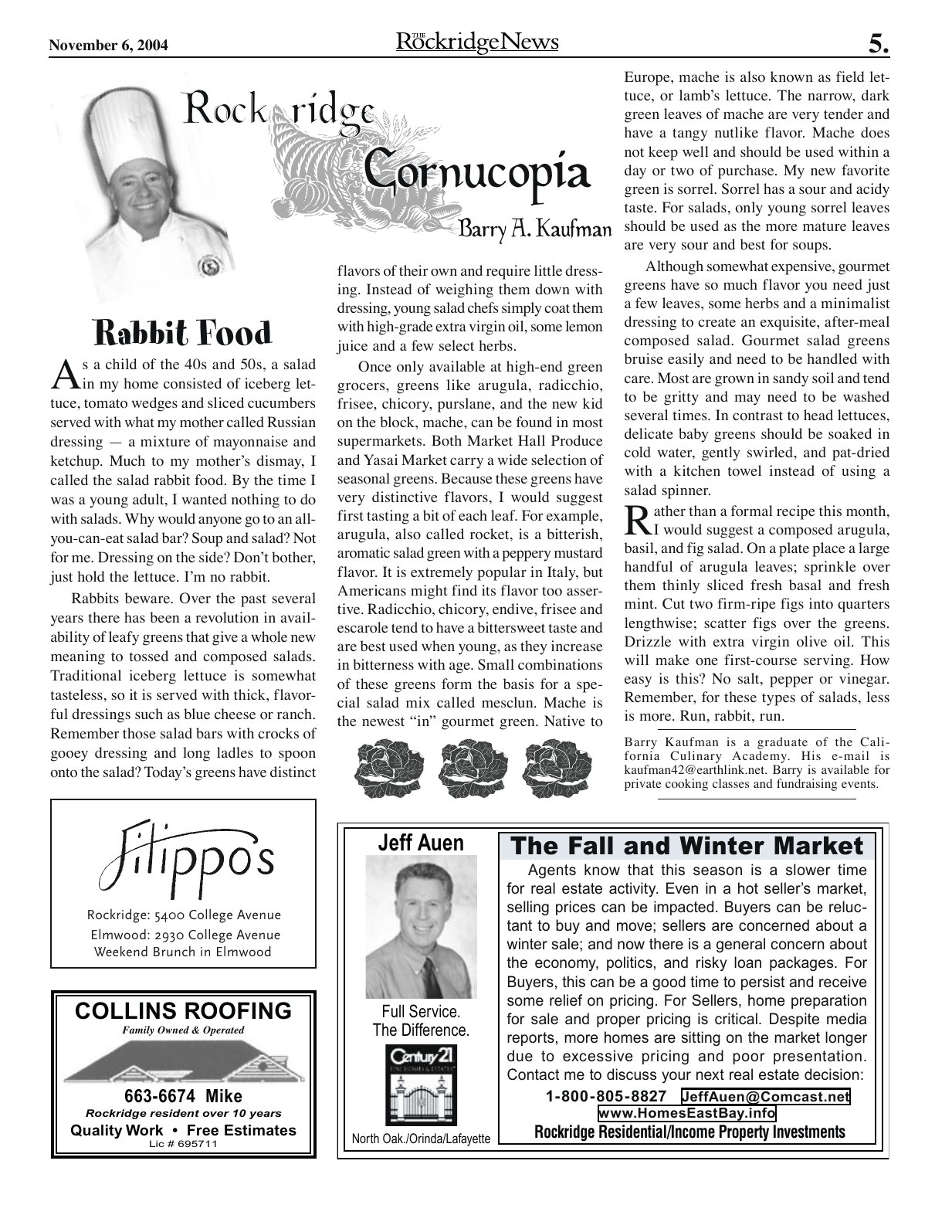 Click to zoom in The Rockridge News, November 2004, page 5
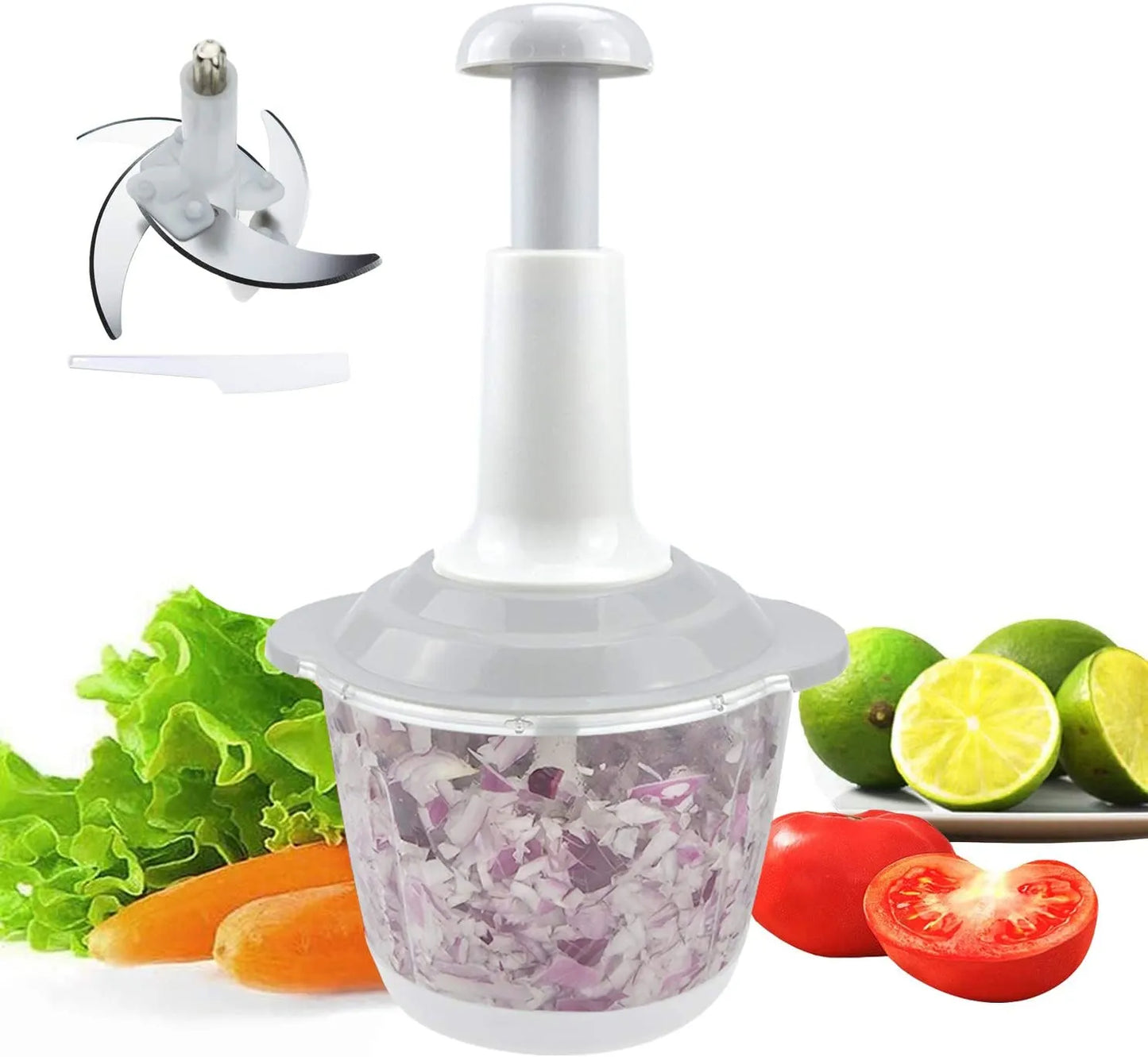 ProPress Manual Food Chopper – Multi-Purpose Vegetable & Fruit Cutter with Stainless Steel Blades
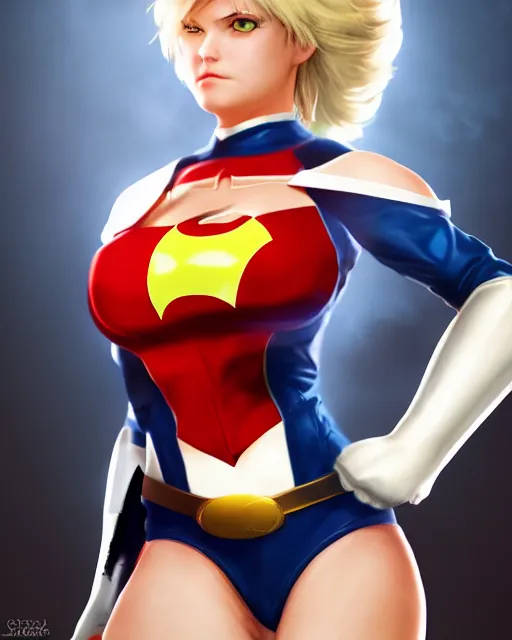 Prompt: official hd photo portrait of powergirl closeup tired and angry by squareenix trending on artstation skeb pixiv cinematic backlit smoke noir technoir detailed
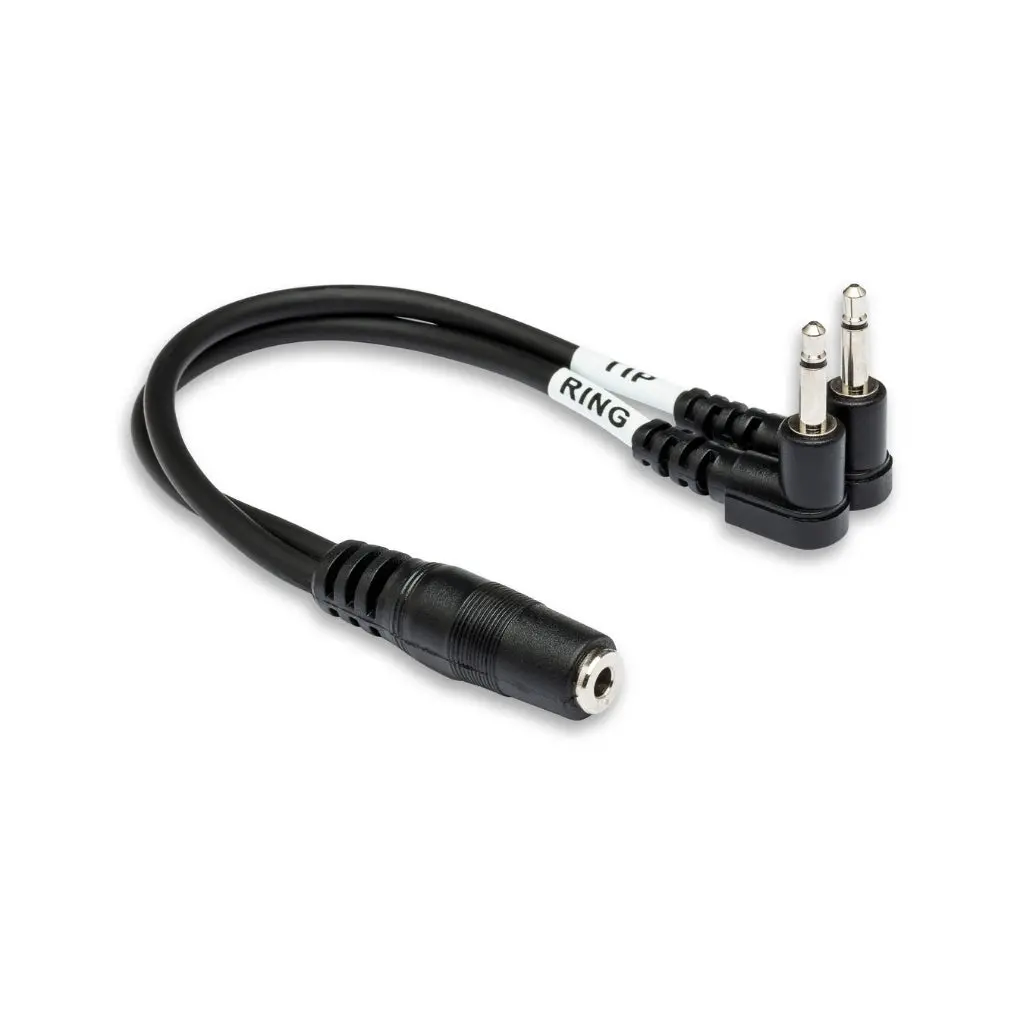 Hosa Technology 3.5 Mm Trsf To Dual Right-Angle 3.5 Mm Ts Headphone Adapter 1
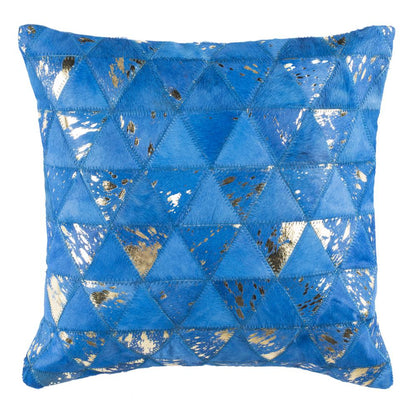 Clairton Metallic Cowhide 20"X20" Pillow, Blue/Silver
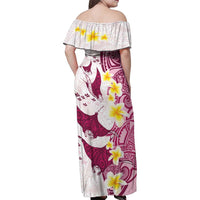 Maori Manta Ray Plumeria Royal Pink Family Matching Off Shoulder Maxi Dress and Hawaiian Shirt LT01 - Polynesian Pride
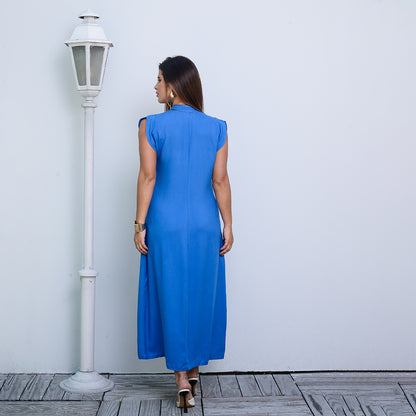 Vestido Chemise Midi Botões M/C  BBonnie Sienna Azul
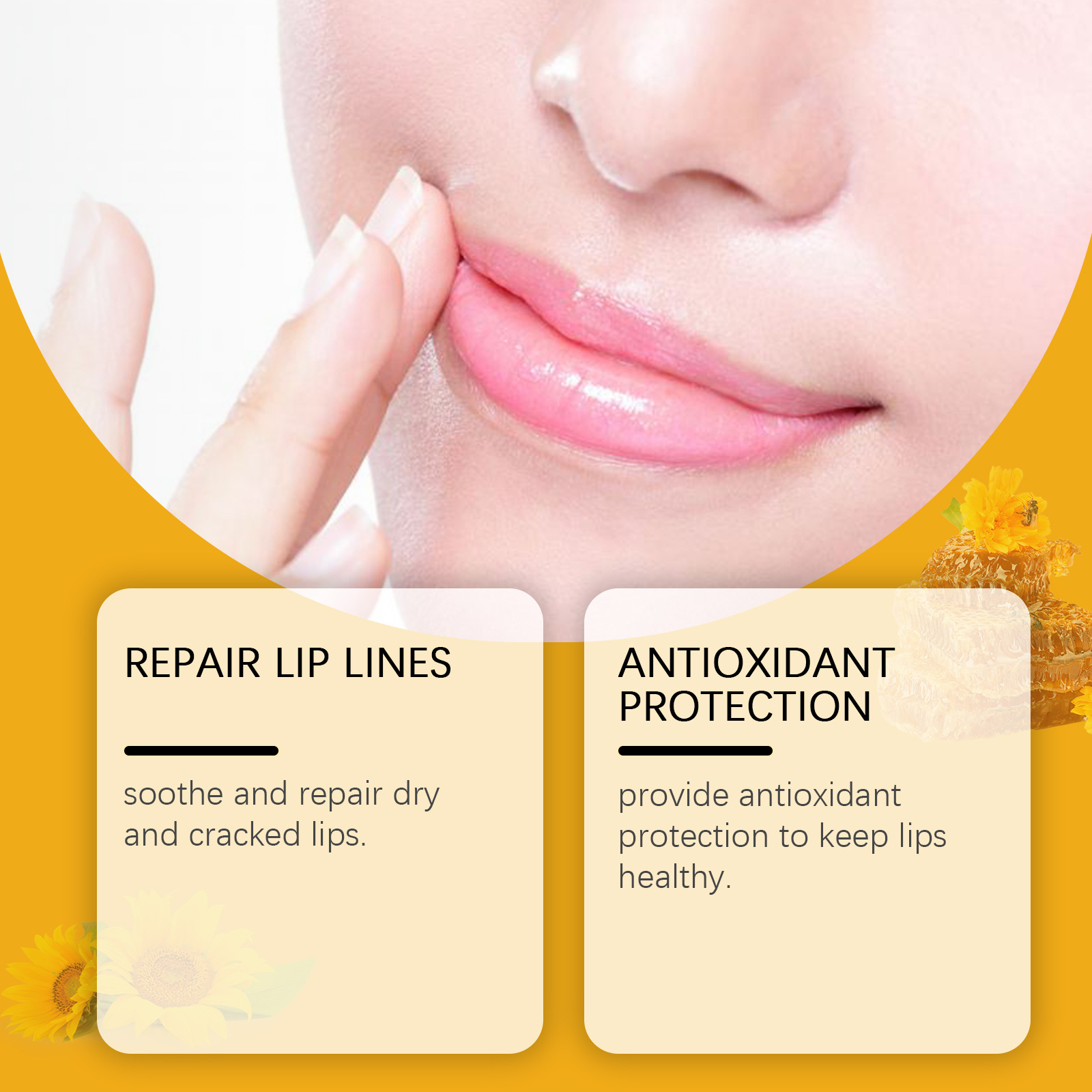 OUHOE Honey Moisturizing Lip Balm, Long Lasting Hydrating Lip Treatment For Dry Cracked Lips, Repair Lip Lines Shiny Lip Primer Care Stick 5g 4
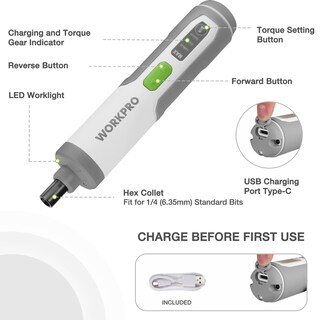 Foto 2 | Foto 2 | Juego De Destornilladores Eléctricos Inalámbricos Recargables Workpro 4v - Venta Internacional.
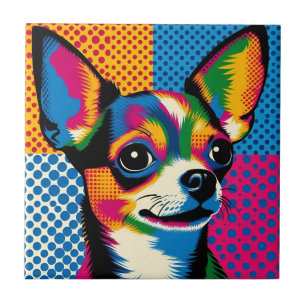 Carreau Chihuahua, style Pop Art coloré,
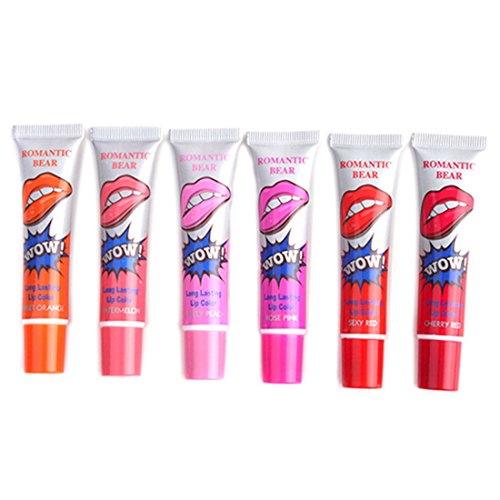 VWH 6pcs Tätowierung Magisch Farbe Abziehen Maske Tönung Lang Anhaltend Matt Wasserfest Lip Gloss lippenglanz -Lippenstift - 2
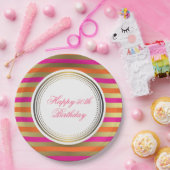 Roze, Oranje en Faux metalen strips Papieren Bordje (Feest)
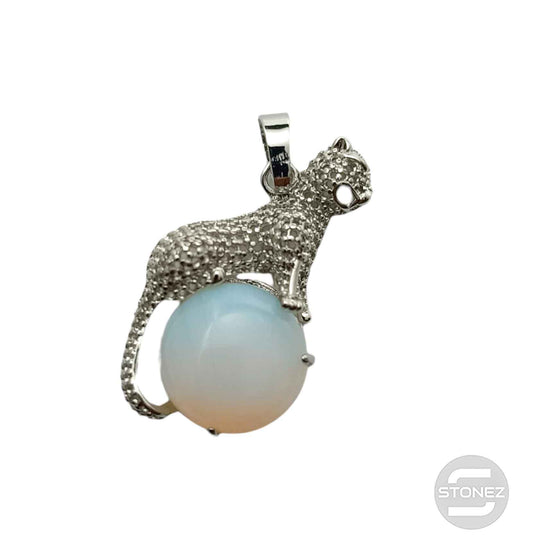 600102246 Colgante Leopardo En Metal Con Piedra Piedra Opalina 4,5 Cms Aprox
*****
Work required
From the line containing "Carreau Chihuahua, style" through the final line of the records, write out each line exactly, and include no pictures.

Result below
 Carreau Chihuahua, style Pop Art coloré,
 VWH 6pcs Tätowierung Magisch Farbe Abziehen Maske Tönung Lang Anhaltend Matt Wasserfest Lip Gloss lippenglanz -Lippenstift - 2
 Roze, Oranje en Faux metalen strips Papieren Bordje (Feest)
 600102246 Colgante Leopardo En Metal Con Piedra Piedra Opalina 4,5 Cms Aprox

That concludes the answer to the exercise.